++++ Provided data
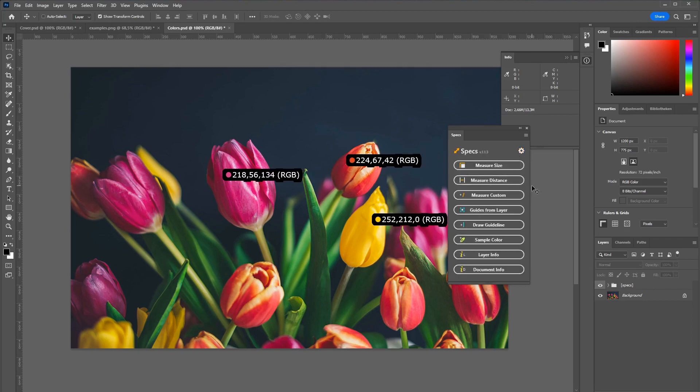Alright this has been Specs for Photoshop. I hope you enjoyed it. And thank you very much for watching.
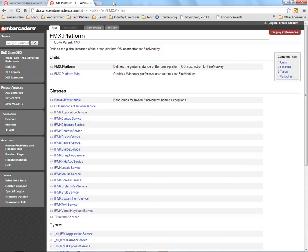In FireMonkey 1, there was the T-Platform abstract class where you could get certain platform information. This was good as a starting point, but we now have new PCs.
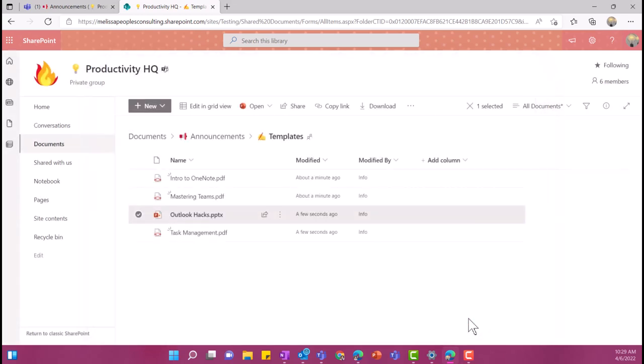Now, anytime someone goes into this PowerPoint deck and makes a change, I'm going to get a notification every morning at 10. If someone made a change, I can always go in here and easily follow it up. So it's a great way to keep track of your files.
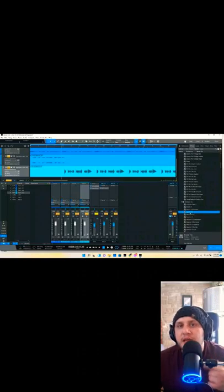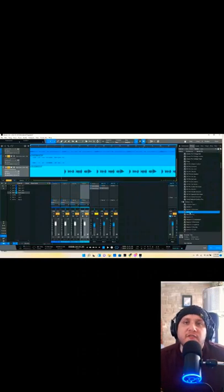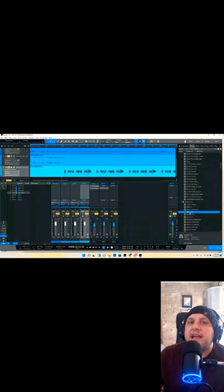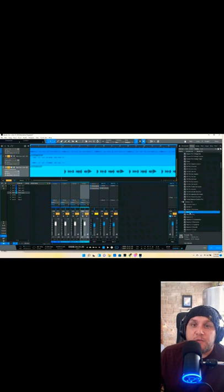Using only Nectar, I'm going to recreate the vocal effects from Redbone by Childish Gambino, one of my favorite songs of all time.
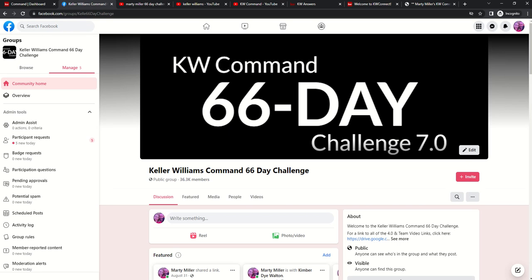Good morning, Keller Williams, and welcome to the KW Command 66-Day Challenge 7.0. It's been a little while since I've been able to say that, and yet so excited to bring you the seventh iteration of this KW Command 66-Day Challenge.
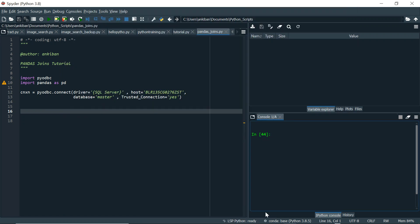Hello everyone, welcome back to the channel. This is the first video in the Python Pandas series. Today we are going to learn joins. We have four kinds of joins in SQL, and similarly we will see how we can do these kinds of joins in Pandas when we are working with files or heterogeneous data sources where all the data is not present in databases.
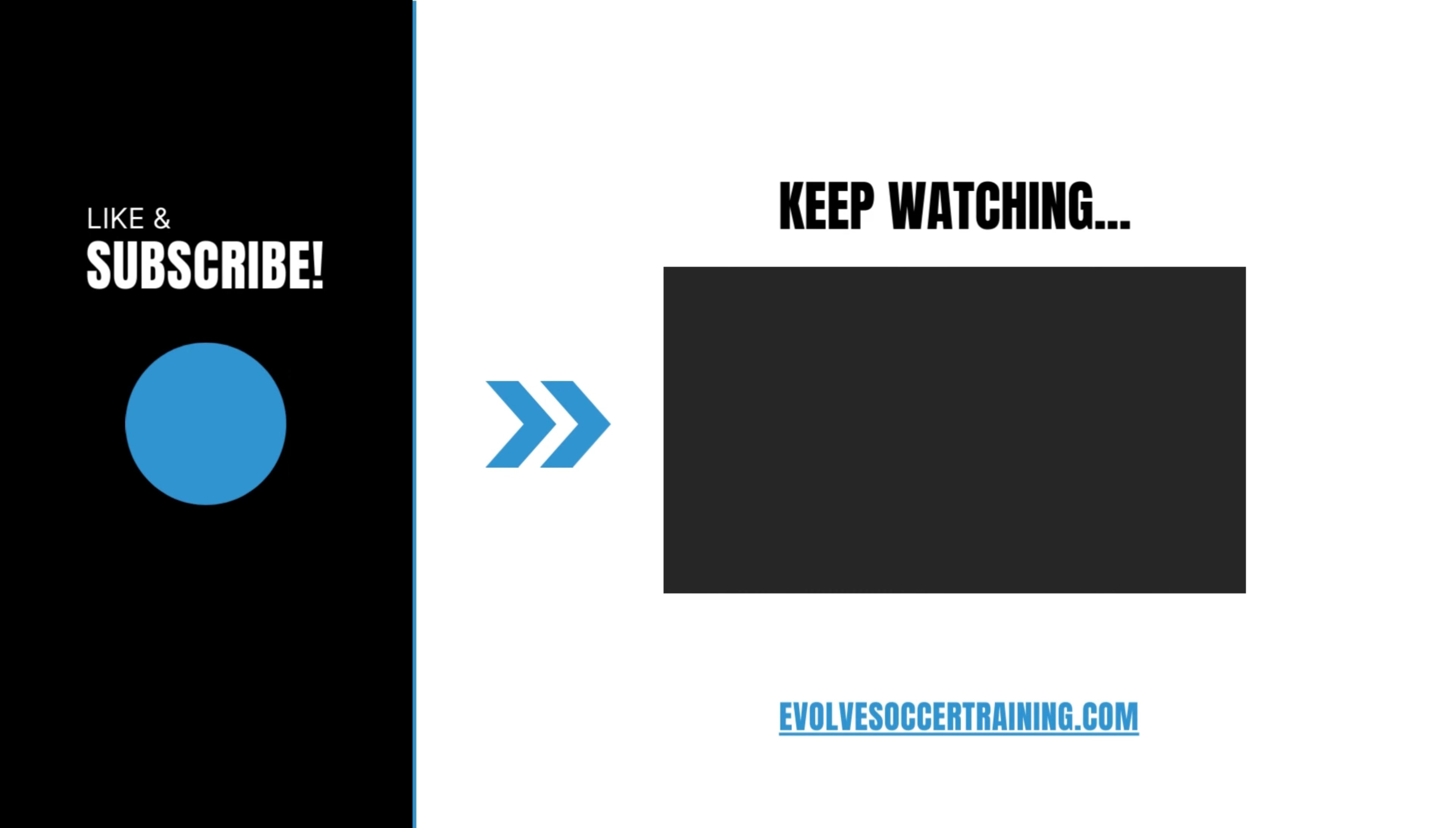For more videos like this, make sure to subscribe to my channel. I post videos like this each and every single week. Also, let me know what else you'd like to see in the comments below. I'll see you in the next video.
++++++++
Task objective> Output the records above exactly, leaving out pictures.

Task answer>
Alright this has been Specs for Photoshop. I hope you enjoyed it. And thank you very much for watching.
In FireMonkey 1, there was the T-Platform abstract class where you could get certain platform information. This was good as a starting point, but we now have new PCs.
Now, anytime someone goes into this PowerPoint deck and makes a change, I'm going to get a notification every morning at 10. If someone made a change, I can always go in here and easily follow it up. So it's a great way to keep track of your files.
Using only Nectar, I'm going to recreate the vocal effects from Redbone by Childish Gambino, one of my favorite songs of all time.
Good morning, Keller Williams, and welcome to the KW Command 66-Day Challenge 7.0. It's been a little while since I've been able to say that, and yet so excited to bring you the seventh iteration of this KW Command 66-Day Challenge.
Hello everyone, welcome back to the channel. This is the first video in the Python Pandas series. Today we are going to learn joins. We have four kinds of joins in SQL, and similarly we will see how we can do these kinds of joins in Pandas when we are working with files or heterogeneous data sources where all the data is not present in databases.
For more videos like this, make sure to subscribe to my channel. I post videos like this each and every single week. Also, let me know what else you'd like to see in the comments below. I'll see you in the next video.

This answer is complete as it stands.